OMTPlan is a Python platform for optimal planning in numeric domains via reductions to Satisfiability Modulo Theories (SMT) and Optimization Modulo Theories (OMT). Currently, OMTPlan supports the expressive power of PDDL2.1 level 2 and features procedures for both satisficing and optimal planning. OMTPlan provides an open, easy to extend, yet efficient implementation framework. These goals are achieved through a modular design and the extensive use of state-of-the-art systems for SMT/OMT solving.


AI Planning can be defined as the model-based approach to intelligent behaviour, where a model of the world and of possible actions to be performed is used to decide on a sequence of actions, a plan, that brings the world to a desired state [6].

Satisfiability Modulo Theories (SMT) [2] and its extension Optimization Modulo Theories (OMT) [17] are two powerful frameworks that have been used to model, and reason about, expressive planning problems. While SMT technology has long enjoyed popularity within the planning community, the application of OMT to planning has remained unexplored until recently. In [11] we introduced the first domain-independent reduction from optimal planning to OMT solving. More specifically, we presented an OMT-based algorithm to solve optimal numeric planning problems where actions are equipped with unitary (all actions have cost 1), constant (actions have constant costs 1) or state-dependent action costs (SDAC), where the cost of executing an action is a function of the state where it is executed [9]. Notably, no tool support exists for integrated reasoning on problems of the latter class and state-of-the-art (SoA) planners either do not support SDAC upfront, e.g. [14], or solve them with uninformed search, a general class of search algorithms that explore the solution space of a planning problem ignoring domain specific knowledge such as cost structures, e.g. [12].

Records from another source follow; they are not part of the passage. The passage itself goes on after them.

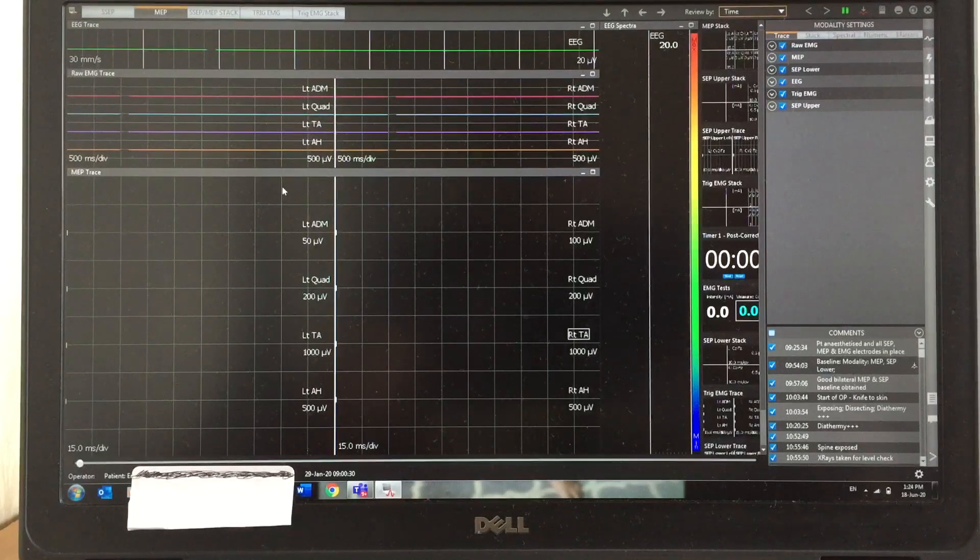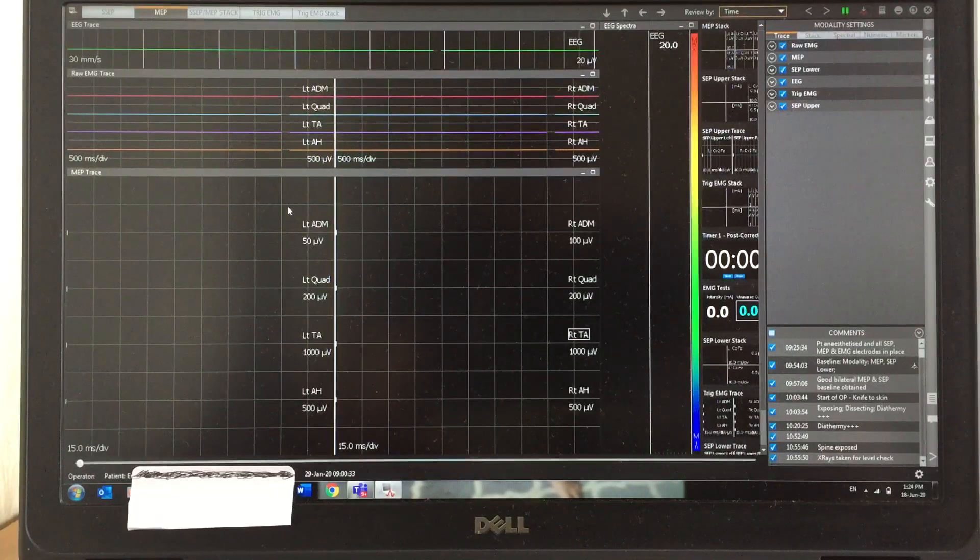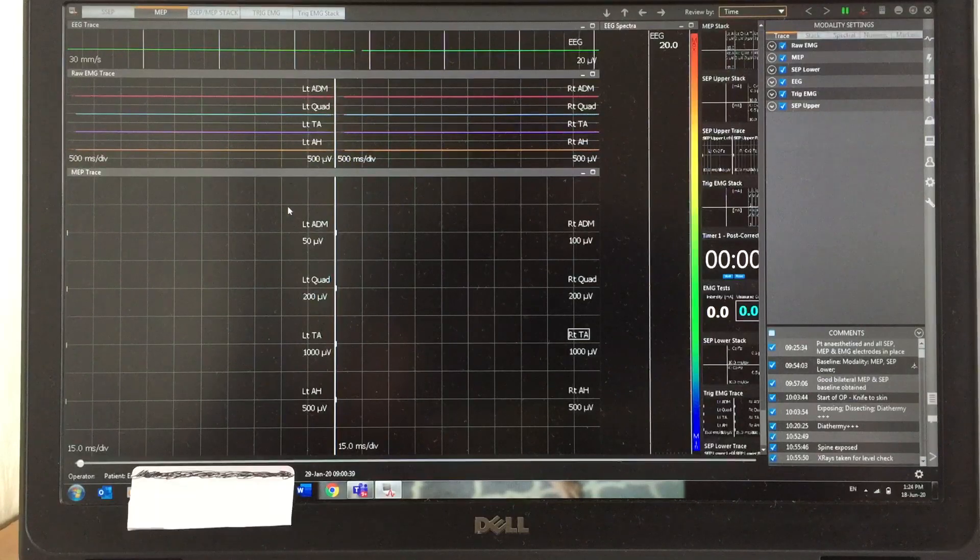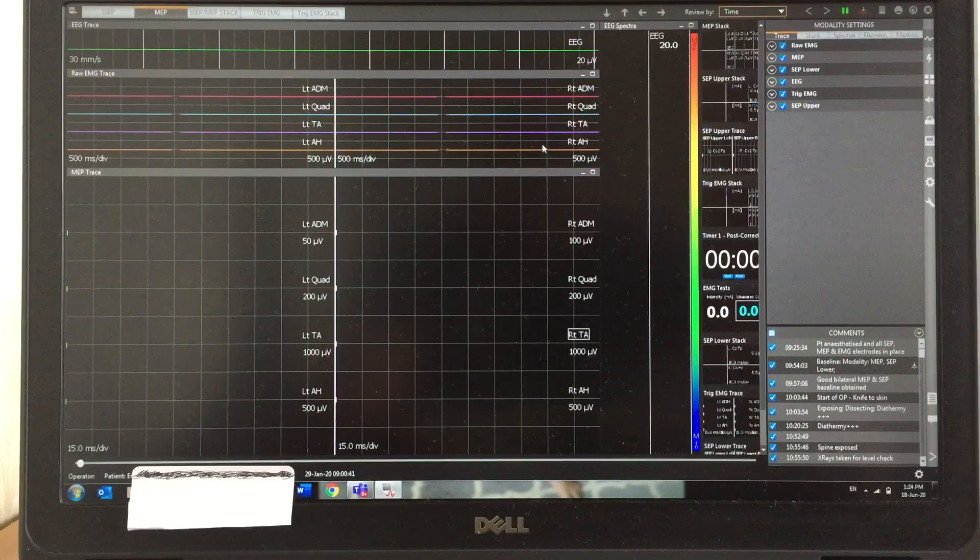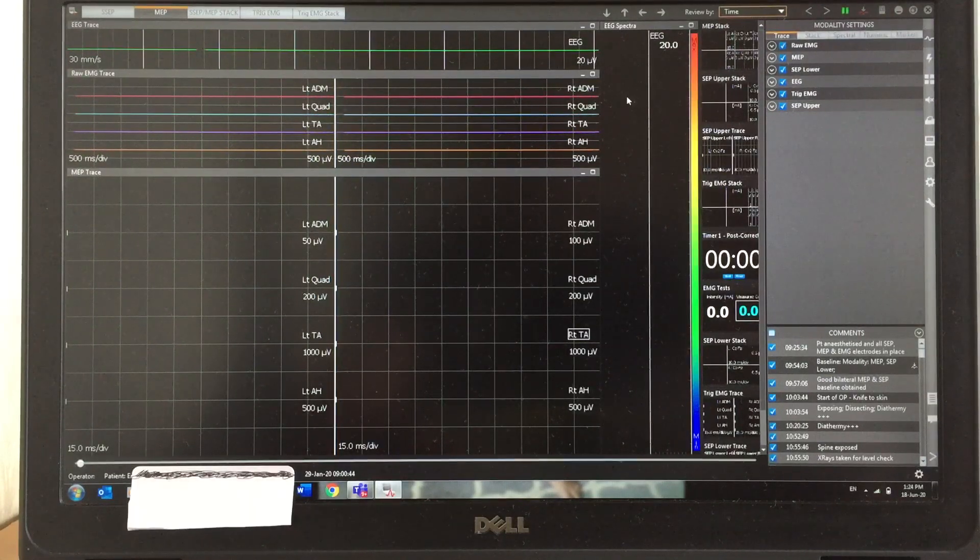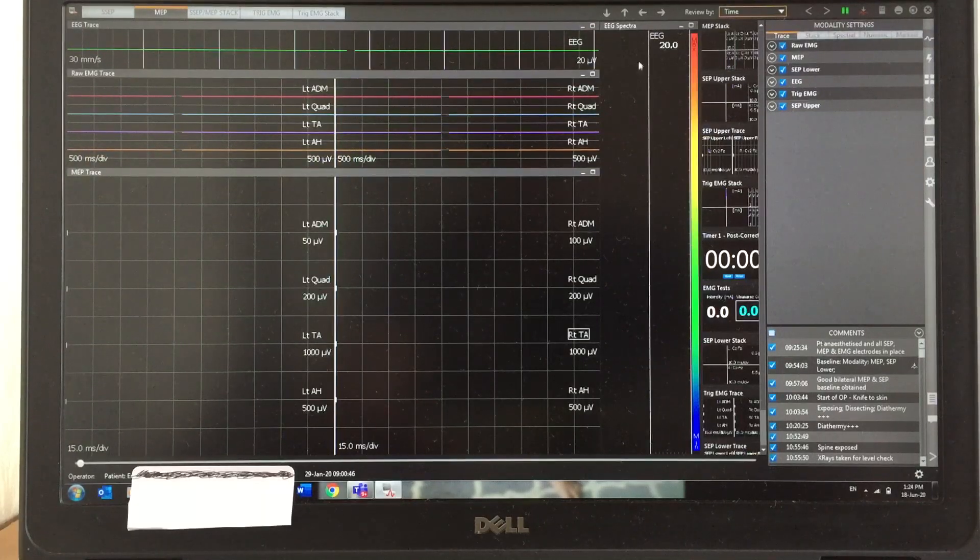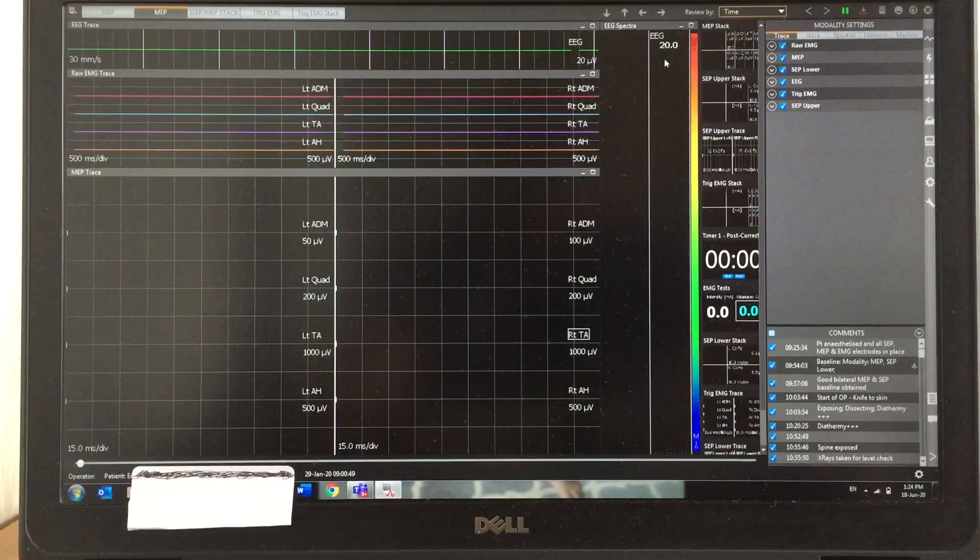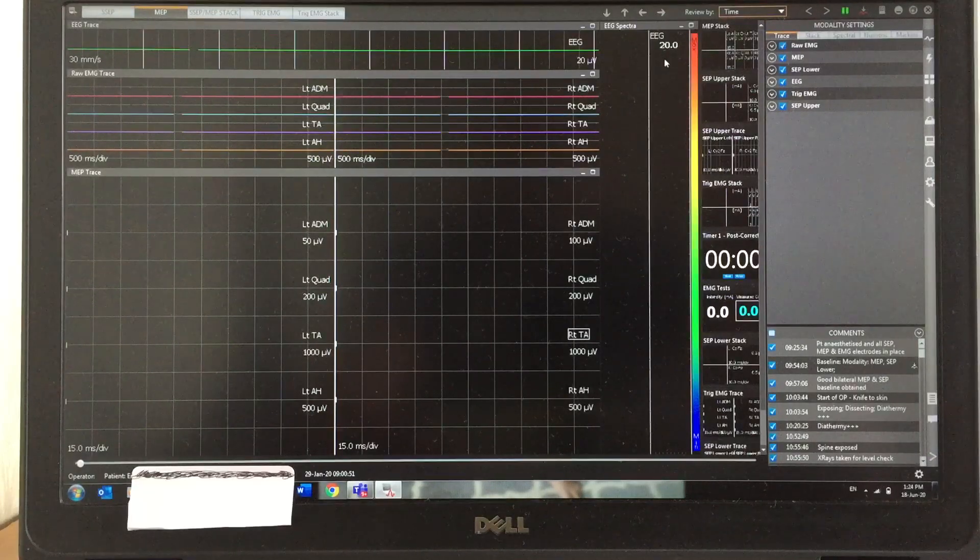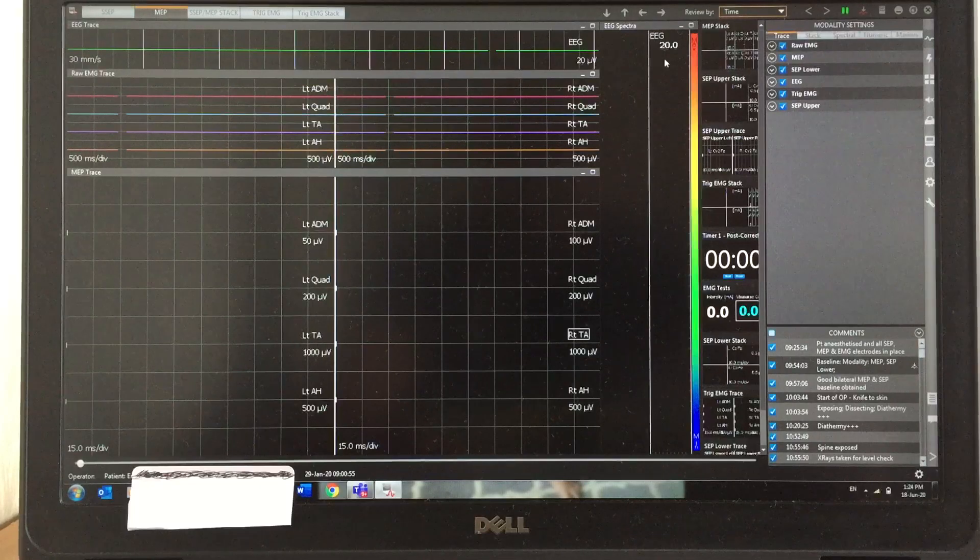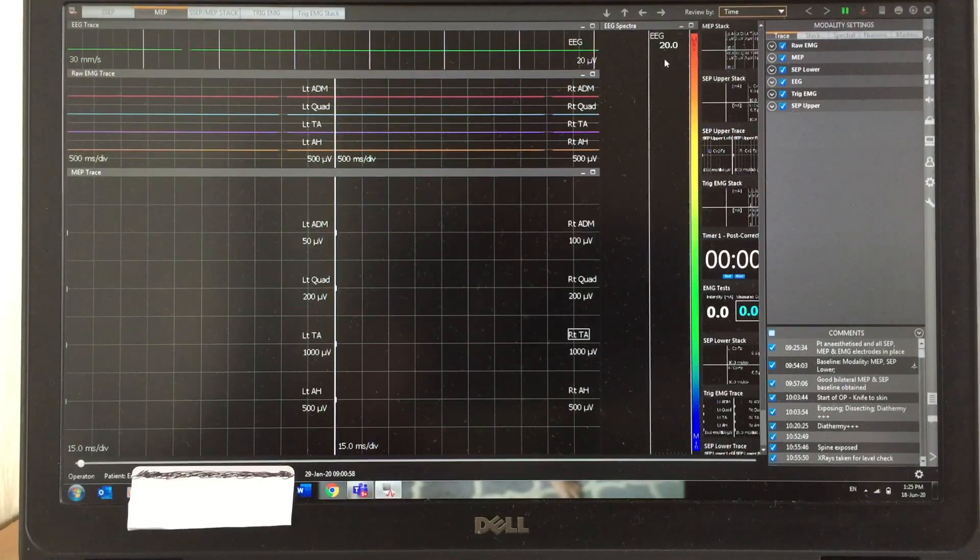This is the spectral EEG, which is useful to find out how deep the patient is anesthetized. This gives indirect information about the BIS monitoring. Still we have not recorded any EMG, EEG, or MEP information.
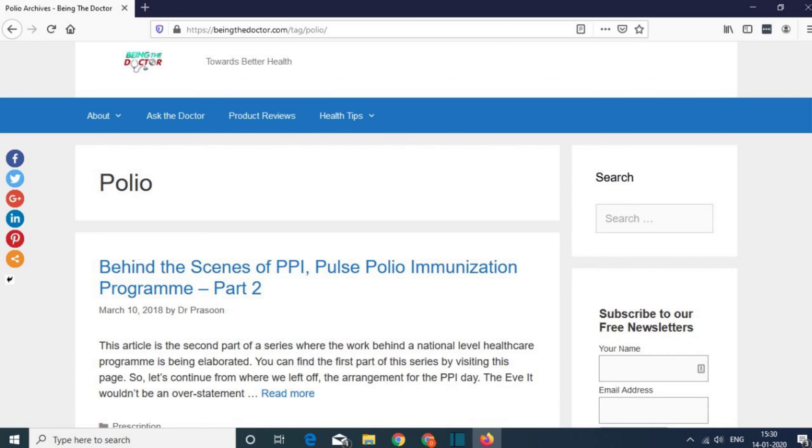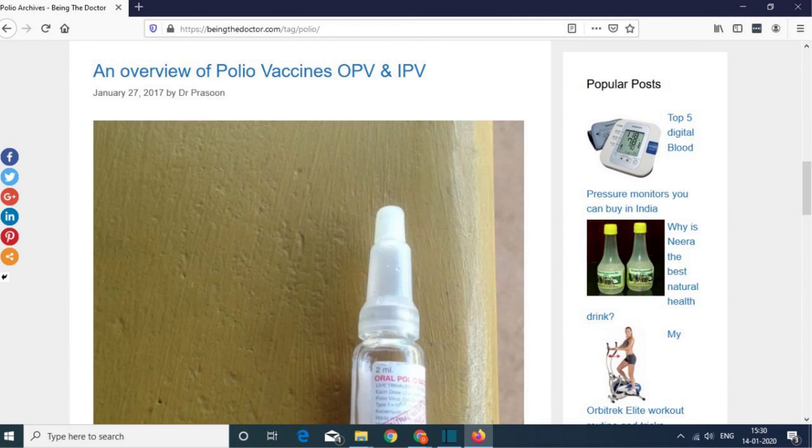I have written many articles on poliomyelitis and polio infection — you can find the links to those articles in the description box below. If you really liked this video, please consider sharing it with your friends and family. I will see you in the next one. This is Dr. Prasoon signing off. Take care, stay healthy, and thank you so much for watching.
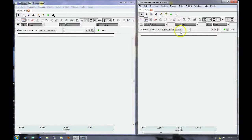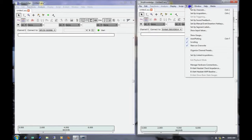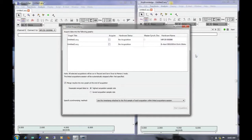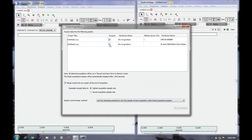Once we have both windows ready to record, we can go up either to the MP150 or BeAlert menu option and select Set Up Linked Acquisitions. This will bring up a dialog box that shows both of our devices that are currently connected and their graph windows. We'll choose to acquire data from both, and then we have to choose how we'd like to synchronize our data.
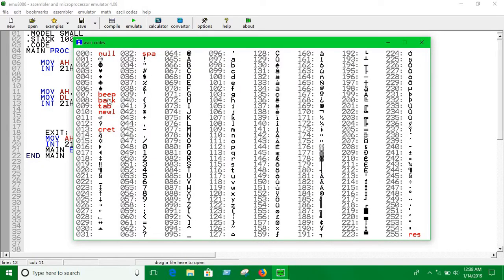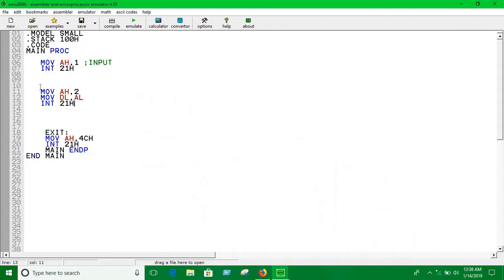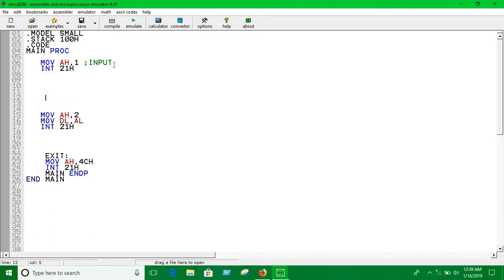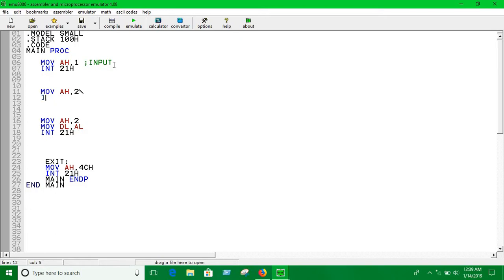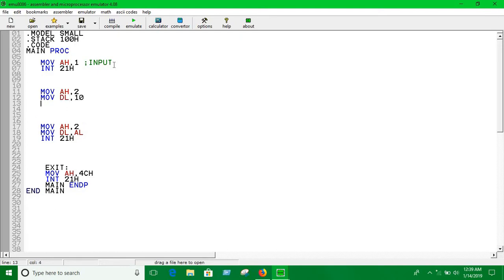We have to use newline. For a new line we have to use 10. We have to print 10 as we did in the first video: MOV AH, 2, keep 10 into DL, INT 21h. Let's run.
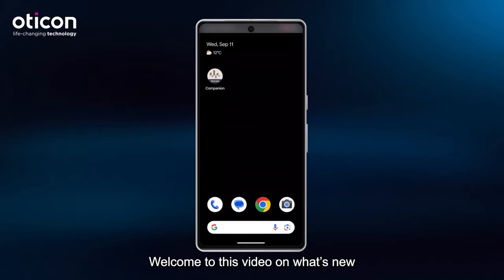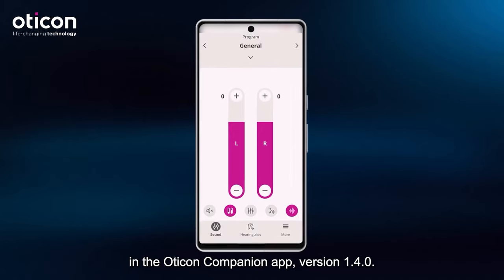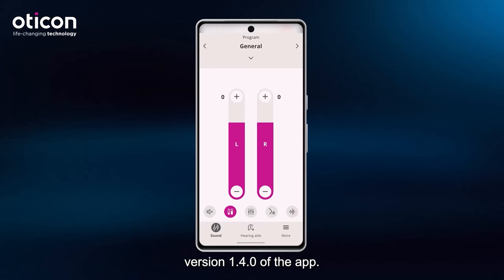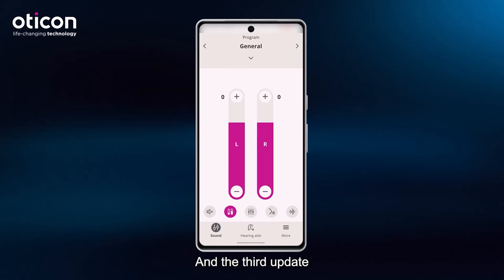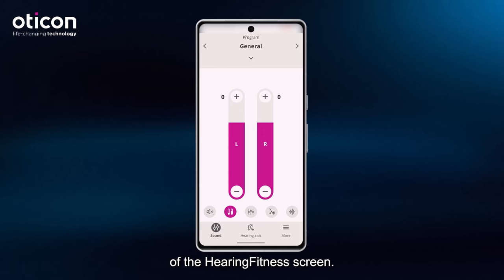Welcome to this video on what's new in the Oticon Companion app version 1.4.0. There are three updates to version 1.4.0 of the app. The first update is regarding the program selector. The second update, which applies to Android only, is the Keep Connection update. And the third update is to the monthly view of the Hearing Fitness screen.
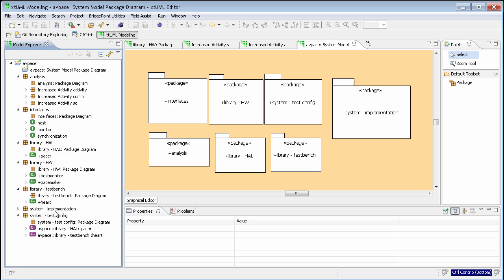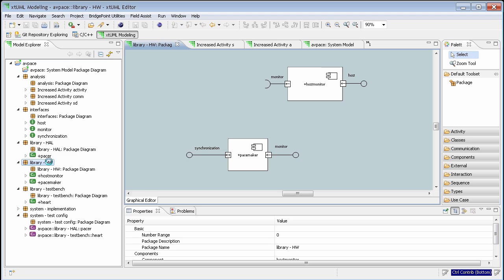Now let's look at an example. Here we have created a package that is a library of components which model hardware functionality. We have another package that is a library of components that serve as the hardware abstraction layer. Another package is a library of components serving as a test bench for the components elsewhere in the model. We've also created a package to contain the interfaces that the various components expose, as well as packages for the analysis portions like communication diagrams and sequence diagrams. In each of our library packages, the component interfaces are specified, but the interfaces are intentionally left disconnected.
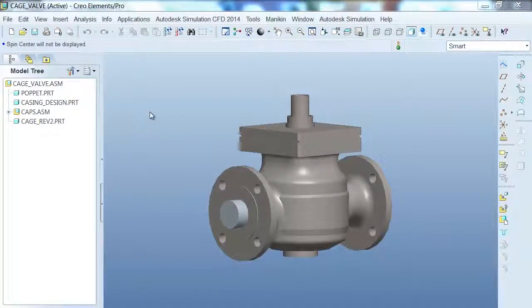Autodesk Simulation CFD natively integrates with Pro Engineer. This means that we're able to integrate the CAD geometry and material properties with just a few simple rules, allowing them to work directly together.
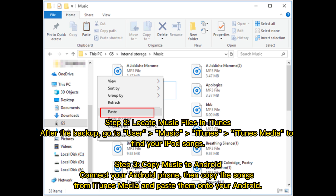Step 3: Copy music to Android. Connect your Android phone, then copy the songs from iTunes Media and paste them onto your Android.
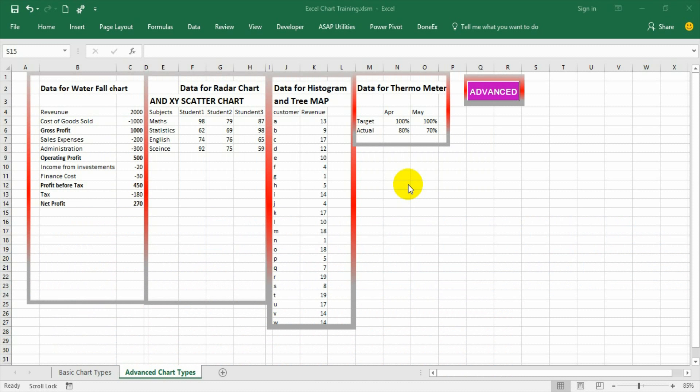Hello friends, in this video let us understand how to create a thermometer graph. This graph is also called as a bullet graph.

The present contribution is intended to fill this gap as we introduce OMTPlan, the first planner that leverages state-of-the-art satisfiability techniques to solve optimal planning problems in the presence of rich cost structures. OMTPlan is implemented in Python and presents a modular architecture that can be easily extended with new functionalities. Besides offering solving capabilities, OMTPlan can also act as a translator from PDDL [5], the standard language of planning, to SMT-LIB [1] thus providing a new source of challenging benchmarks for the automated reasoning community – see, e.g. [3] for such an application of the tool. The planner is open-sourced under a GNU General Public License, version 3 (GPL-3.0). Source code and the related documentation are available online at:

2.System Architecture

OMTPlan realises its functionalities through the interaction of the components represented in Fig. 1. Each component takes care of different phases of the planning process as detailed in the following.

Figure 1.

OMTPlan: internal work-flow.

OMTPlan: internal work-flow.

Input Language. OMTPlan accepts problems specified in the Planning Domain Definition Language (PDDL), the de-facto standard language for planning. Dialects of PDDL exist with different expressive power, here we focus on PDDL 2.1 level 2 [5] as it allows to capture rich numeric structures. PDDL describes a planning task by means of: (i) a domain file containing the description of general features of the problem (e.g. the available actions) and, (ii) a problem file defining instance-specific information (e.g. the initial and goal situation, the optimisation metric). We refer to [5] for more details on PDDL.

Parsing and Grounding. We leverage the Python parsing module developed for the Temporal Fast-Downward (TFD) planner.11 The original implementation does not provide support for the specification of arbitrary metrics for plan quality. Hence, we extended it to support metrics expressed in quantifier-free linear real arithmetic (QFLRA), as supported by our approach [11].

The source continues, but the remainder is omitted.